What needs to be done. Going down the listing below, print exactly each line from the one with "Bed and Breakfast Centro Storico" up to and including the one with "Golden harvested field", and skip the rest.

Data for this task.
_____
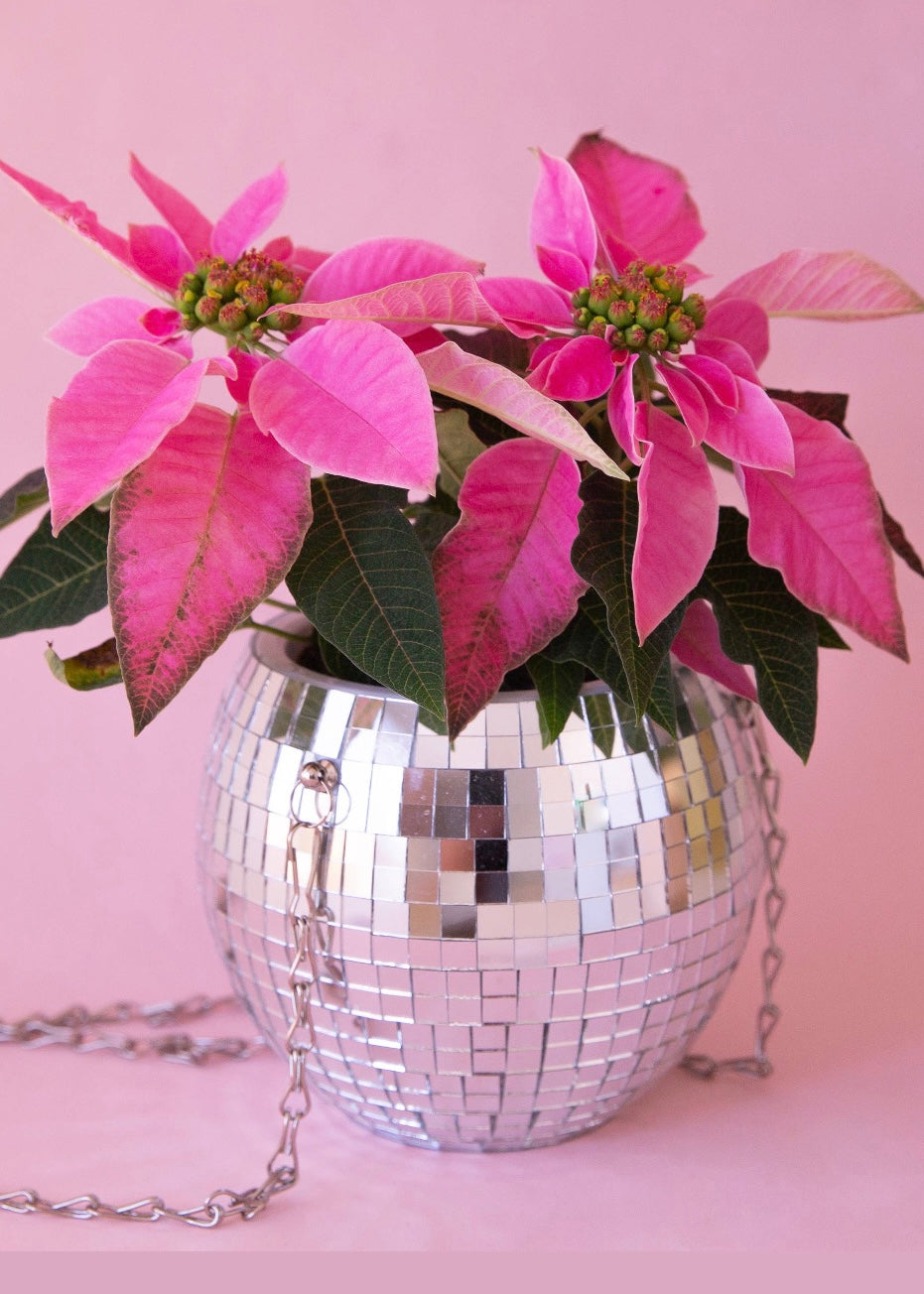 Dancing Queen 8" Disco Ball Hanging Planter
_____
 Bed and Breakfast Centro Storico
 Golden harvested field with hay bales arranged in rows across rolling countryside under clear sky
_____
Answer space.
 Bed and Breakfast Centro Storico
 Golden harvested field with hay bales arranged in rows across rolling countryside under clear sky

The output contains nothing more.